The thrust of Diaz’s argument was that religion and diplomacy need each other.
In a time of a “worldwide religious resurgence,” Diaz said, diplomats need to establish connections with religious leaders in order to advance the common good. Religious leaders, meanwhile, need diplomats for their real-world expertise and their art of compromise, to avoid falling into sectarianism and extremism.
Though Diaz did not explicitly make the point, he delivered that argument in a moment in which many diplomatic observers believe the Vatican is going through a period of retrenchment – becoming more reluctant about taking on new initiatives, and more difficult to mobilize even in areas of longstanding concern.
Moreover, the prospects for partnerships between the United States and the Holy See – what Italian journalist Massimo Franco calls the “parallel empires” of the West, meaning the world’s most important hard and soft powers – have been complicated not only by differences over abortion and other pro-life concerns, but also because both the United States and the Vatican have been preoccupied by internal crises.
In that context, Diaz’s speech Monday evening amounted to a plea to movers and shakers on both sides of the U.S./Vatican relationship not to throw in the towel.
To diplomats, Diaz argued that pursuing their humanitarian and foreign policy concerns in the 21st century requires engaging religious communities.
tDiaz argued that we live in a time of “the globalization of God” and a “worldwide religious resurgence.” In that context, he said, “the presence of religious agents and organizations, and their networks of relationships, are essential to meet the challenges that confront us.”
Diaz quoted the French Catholic philosopher Jacques Maritain to the effect that the “common good” must include the religious and moral sentiments of the members of a society. (Maritain, by the way, also served as the French Ambassador to the Holy See from 1945-48, making him sort of a patron saint for the scholar-diplomat.)
On a more practical note, Diaz argued that the Holy See is a valuable listening post, ranking among the top five states in the world in terms of the number of countries with which it has diplomatic relations. At present, the Holy See has relations with 178 states as well as member or observer status in virtually every international organization in the world, including the United Nations.
The Vatican, Dias suggested, is also a point of entry to the “vast network of humanitarian, educational and health care institutions” affiliated with the Catholic church around the world.
To church leaders in a time of growing concern about Catholic identity – which sometimes translates into skepticism about partnerships with secular actors – Diaz argued that diplomacy brings something valuable to religion too.

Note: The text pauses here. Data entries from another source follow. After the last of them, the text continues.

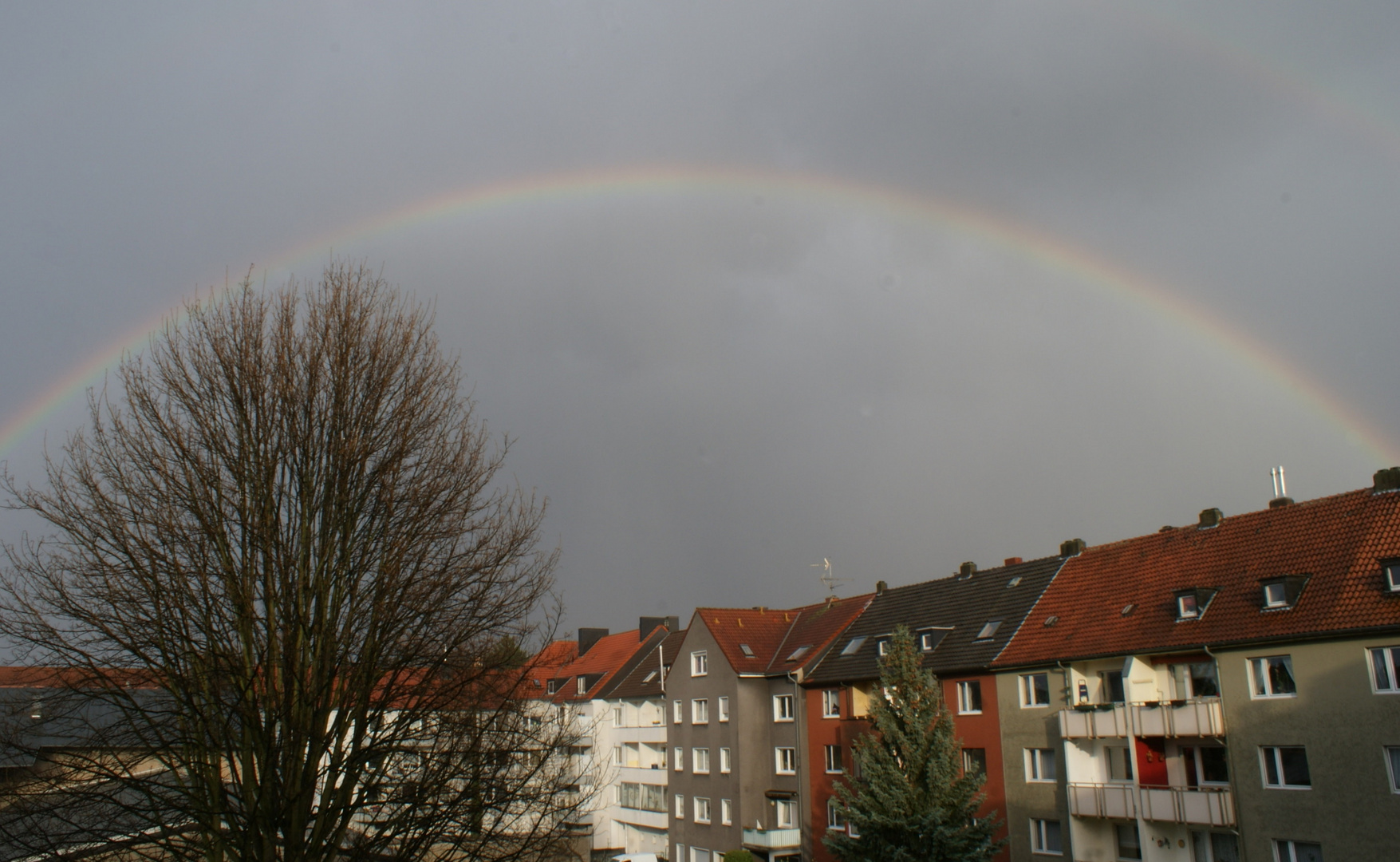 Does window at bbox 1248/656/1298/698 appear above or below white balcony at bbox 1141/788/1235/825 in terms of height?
above

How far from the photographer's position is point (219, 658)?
9875 millimetres

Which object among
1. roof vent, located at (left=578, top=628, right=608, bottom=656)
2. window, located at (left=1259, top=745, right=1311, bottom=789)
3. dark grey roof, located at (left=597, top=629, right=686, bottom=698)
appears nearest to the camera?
window, located at (left=1259, top=745, right=1311, bottom=789)

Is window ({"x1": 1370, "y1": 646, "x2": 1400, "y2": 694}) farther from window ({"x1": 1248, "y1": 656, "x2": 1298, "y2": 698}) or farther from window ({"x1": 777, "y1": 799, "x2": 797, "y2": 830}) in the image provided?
window ({"x1": 777, "y1": 799, "x2": 797, "y2": 830})

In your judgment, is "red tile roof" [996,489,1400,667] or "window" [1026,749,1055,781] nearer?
"red tile roof" [996,489,1400,667]

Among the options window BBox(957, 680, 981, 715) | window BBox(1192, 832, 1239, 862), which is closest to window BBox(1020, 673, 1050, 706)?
window BBox(957, 680, 981, 715)

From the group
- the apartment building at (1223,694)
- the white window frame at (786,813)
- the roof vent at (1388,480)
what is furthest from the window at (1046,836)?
the white window frame at (786,813)

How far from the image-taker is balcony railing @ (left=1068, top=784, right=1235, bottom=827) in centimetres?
2716

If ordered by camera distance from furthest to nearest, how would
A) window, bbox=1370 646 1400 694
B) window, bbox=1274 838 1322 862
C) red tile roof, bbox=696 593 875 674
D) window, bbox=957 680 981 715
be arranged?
red tile roof, bbox=696 593 875 674, window, bbox=957 680 981 715, window, bbox=1274 838 1322 862, window, bbox=1370 646 1400 694

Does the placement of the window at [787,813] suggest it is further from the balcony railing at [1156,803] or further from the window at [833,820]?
the balcony railing at [1156,803]

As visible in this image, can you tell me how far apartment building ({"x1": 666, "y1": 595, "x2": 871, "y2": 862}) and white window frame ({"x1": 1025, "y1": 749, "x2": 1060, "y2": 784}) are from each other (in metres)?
13.7

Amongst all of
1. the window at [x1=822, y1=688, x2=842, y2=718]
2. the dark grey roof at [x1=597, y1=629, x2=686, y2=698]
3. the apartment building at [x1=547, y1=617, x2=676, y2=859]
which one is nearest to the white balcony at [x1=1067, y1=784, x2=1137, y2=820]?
the window at [x1=822, y1=688, x2=842, y2=718]

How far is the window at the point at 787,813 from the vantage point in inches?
1818

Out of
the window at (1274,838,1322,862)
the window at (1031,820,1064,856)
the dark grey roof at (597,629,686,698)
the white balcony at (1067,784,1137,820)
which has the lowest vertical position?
the window at (1031,820,1064,856)

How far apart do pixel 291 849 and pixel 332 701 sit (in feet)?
4.97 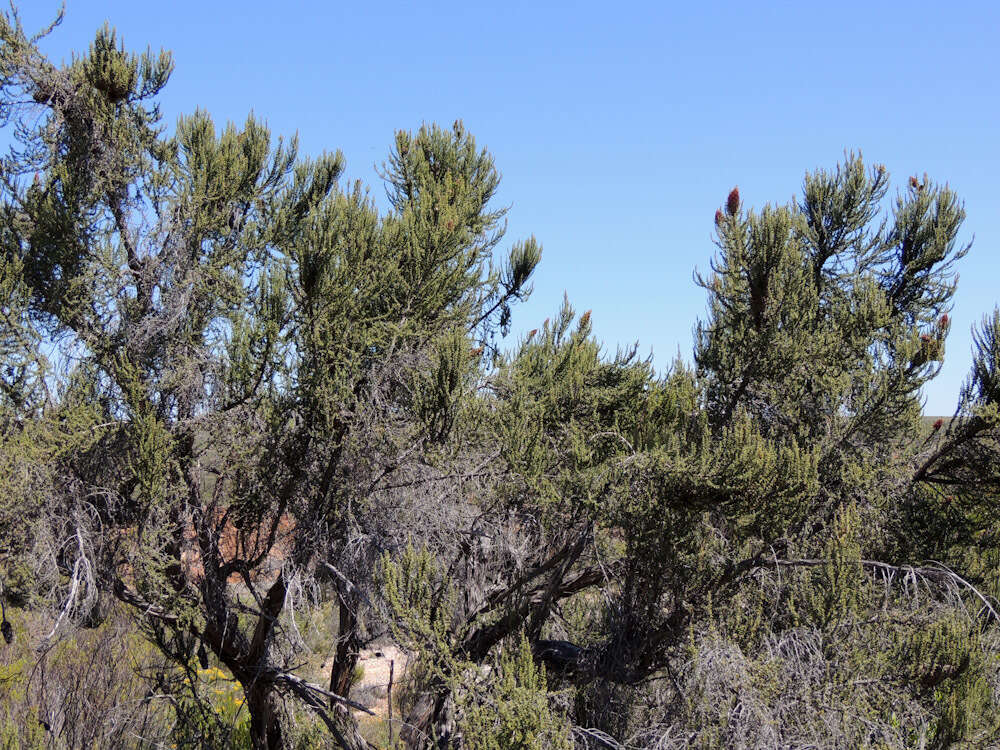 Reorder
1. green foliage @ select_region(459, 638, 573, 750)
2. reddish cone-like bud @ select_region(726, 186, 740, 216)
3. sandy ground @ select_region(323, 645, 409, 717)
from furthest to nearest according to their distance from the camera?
sandy ground @ select_region(323, 645, 409, 717) → reddish cone-like bud @ select_region(726, 186, 740, 216) → green foliage @ select_region(459, 638, 573, 750)

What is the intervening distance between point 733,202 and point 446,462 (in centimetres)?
332

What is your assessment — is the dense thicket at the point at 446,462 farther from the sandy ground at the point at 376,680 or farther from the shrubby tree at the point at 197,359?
the sandy ground at the point at 376,680

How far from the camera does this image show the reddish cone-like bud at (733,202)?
21.5 feet

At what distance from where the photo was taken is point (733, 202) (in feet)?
21.6

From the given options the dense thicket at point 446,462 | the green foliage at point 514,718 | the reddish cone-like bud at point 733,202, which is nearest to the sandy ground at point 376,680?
the dense thicket at point 446,462

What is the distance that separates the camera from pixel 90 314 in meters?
6.45

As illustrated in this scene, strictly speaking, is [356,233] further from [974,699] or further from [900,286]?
[974,699]

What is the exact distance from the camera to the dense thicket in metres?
5.58

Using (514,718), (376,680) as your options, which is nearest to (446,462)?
(514,718)

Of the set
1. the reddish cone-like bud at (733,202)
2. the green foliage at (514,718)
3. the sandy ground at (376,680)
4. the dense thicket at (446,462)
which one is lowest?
the sandy ground at (376,680)

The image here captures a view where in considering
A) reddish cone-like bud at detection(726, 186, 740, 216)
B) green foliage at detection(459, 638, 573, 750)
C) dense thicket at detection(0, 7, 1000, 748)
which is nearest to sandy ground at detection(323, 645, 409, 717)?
dense thicket at detection(0, 7, 1000, 748)

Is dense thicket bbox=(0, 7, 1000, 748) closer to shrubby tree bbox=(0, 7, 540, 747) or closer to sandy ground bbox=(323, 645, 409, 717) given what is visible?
shrubby tree bbox=(0, 7, 540, 747)

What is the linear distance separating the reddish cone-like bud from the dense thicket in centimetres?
16

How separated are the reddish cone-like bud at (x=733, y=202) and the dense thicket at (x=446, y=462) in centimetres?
16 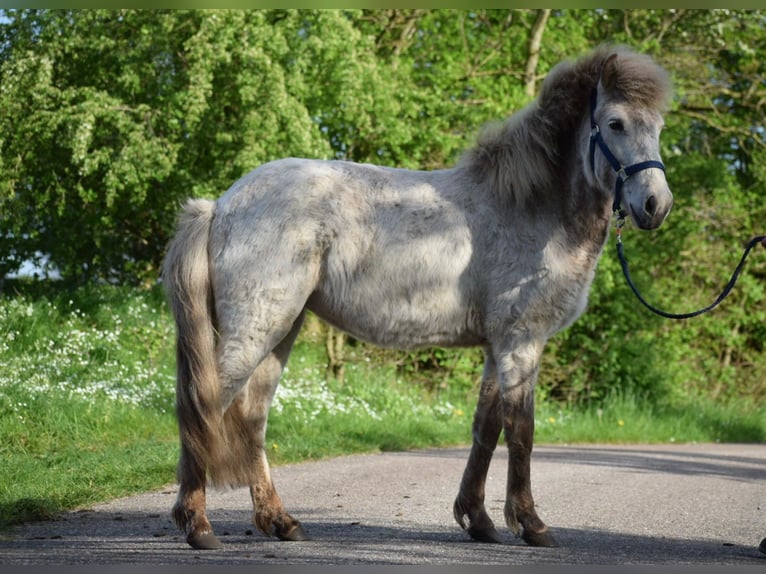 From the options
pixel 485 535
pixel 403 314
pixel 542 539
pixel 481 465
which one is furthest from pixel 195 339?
pixel 542 539

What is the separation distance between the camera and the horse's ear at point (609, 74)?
578 cm

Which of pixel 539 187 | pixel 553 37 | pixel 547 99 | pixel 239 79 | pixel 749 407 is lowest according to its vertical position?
pixel 749 407

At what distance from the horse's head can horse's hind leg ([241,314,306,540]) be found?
2.24 meters

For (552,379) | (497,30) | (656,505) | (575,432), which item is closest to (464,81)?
(497,30)

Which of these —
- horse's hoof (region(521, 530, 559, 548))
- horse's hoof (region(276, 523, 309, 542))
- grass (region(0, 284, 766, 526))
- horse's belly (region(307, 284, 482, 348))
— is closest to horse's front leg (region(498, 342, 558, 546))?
horse's hoof (region(521, 530, 559, 548))

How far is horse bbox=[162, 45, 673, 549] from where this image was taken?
5531 millimetres

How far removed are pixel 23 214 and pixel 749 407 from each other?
41.7ft

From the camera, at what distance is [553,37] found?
1891cm

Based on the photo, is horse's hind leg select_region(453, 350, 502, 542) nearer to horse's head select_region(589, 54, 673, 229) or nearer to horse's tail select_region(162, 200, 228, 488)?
horse's head select_region(589, 54, 673, 229)

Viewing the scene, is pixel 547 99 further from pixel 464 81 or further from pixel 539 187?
pixel 464 81

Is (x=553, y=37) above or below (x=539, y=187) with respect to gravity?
above

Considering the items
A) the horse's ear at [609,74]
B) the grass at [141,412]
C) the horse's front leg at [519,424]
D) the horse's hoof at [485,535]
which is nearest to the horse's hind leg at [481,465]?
the horse's hoof at [485,535]

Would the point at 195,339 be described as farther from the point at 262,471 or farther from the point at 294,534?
the point at 294,534

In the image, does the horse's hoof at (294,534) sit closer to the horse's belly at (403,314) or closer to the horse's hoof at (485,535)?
the horse's hoof at (485,535) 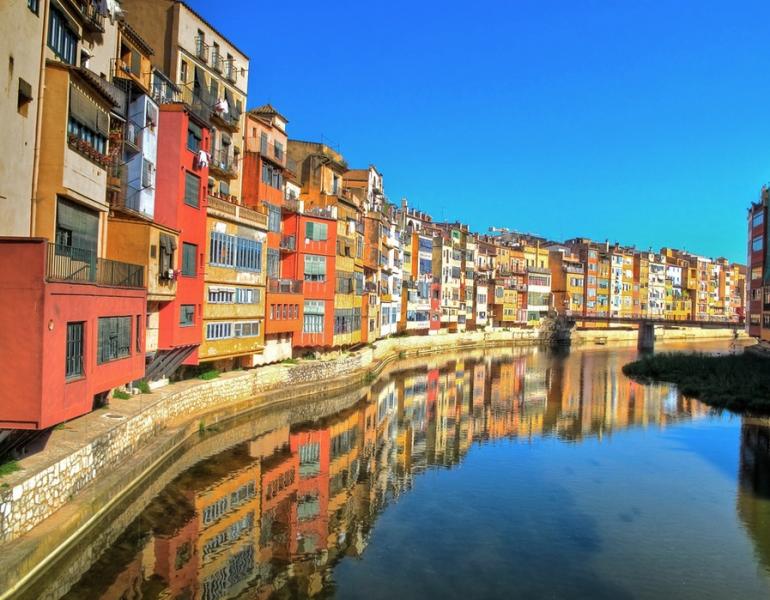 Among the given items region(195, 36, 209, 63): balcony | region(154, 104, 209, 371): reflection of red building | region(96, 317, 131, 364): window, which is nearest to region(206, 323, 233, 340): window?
region(154, 104, 209, 371): reflection of red building

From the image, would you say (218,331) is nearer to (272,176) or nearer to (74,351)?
(272,176)

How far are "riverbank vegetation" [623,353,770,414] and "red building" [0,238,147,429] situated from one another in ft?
113

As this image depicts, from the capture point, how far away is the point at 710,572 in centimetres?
1630

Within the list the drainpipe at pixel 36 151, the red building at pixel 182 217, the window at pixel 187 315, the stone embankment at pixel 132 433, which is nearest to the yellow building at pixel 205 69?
the red building at pixel 182 217

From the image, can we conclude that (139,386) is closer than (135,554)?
No

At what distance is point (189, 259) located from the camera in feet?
90.0

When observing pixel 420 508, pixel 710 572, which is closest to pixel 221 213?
pixel 420 508

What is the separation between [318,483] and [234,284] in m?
11.7

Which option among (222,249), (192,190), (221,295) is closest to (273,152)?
(222,249)

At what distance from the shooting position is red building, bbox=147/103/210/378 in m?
25.8

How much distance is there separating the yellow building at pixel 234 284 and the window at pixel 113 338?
9.08 meters

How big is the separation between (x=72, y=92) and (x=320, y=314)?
2512 cm

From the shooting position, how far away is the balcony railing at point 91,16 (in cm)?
1950

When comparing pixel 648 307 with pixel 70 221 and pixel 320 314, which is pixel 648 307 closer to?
pixel 320 314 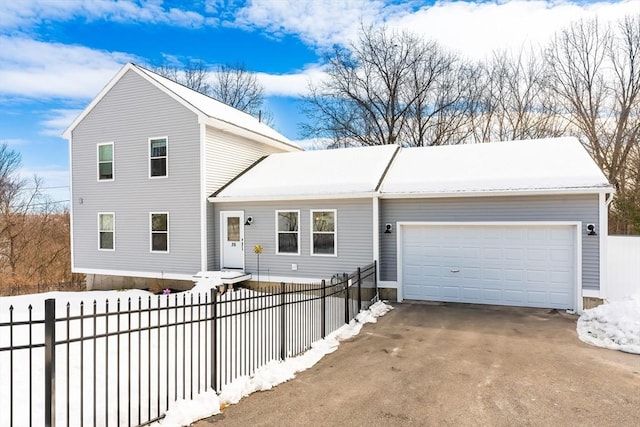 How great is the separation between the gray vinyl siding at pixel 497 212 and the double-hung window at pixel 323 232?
148 cm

Opening with a citation from “Gaudium et Spes,” the document of the Second Vatican Council (1962-65) on the church and the modern world, Diaz contended that religions don’t just teach the world, they also learn from it.
“Religion needs diplomacy to stay in touch with the socio-political and cultural realities of the world,” he said, arguing that contact with the complex realities of diplomacy can “prevent religious institutions from falling into sectarianism” as well as “fundamentalism and extremism,” while also “improving their likelihood of success with respect to actions on behalf of the common good.”
Diaz provided his own theological sound-bite: “Jerusalem needs Athens to become a more persuasive voice and agent of change in the world.”
Diaz closed by noting that the mutual relationship between faith and reason, between the City of God and the earthly city, is not only an ancient trope in Catholicism, but a core concern of Pope Benedict XVI.
The next opportunity to test the capacity of the “parallel empires” to work together should come in May, when Diaz and the U.S. Embassy to the Holy See, along with St. Thomas University in Miami, host an international conference on the prevention of human trafficking. The idea is to strengthen public and private partnerships and to “expand the network of religious agents engaged in this important mission.”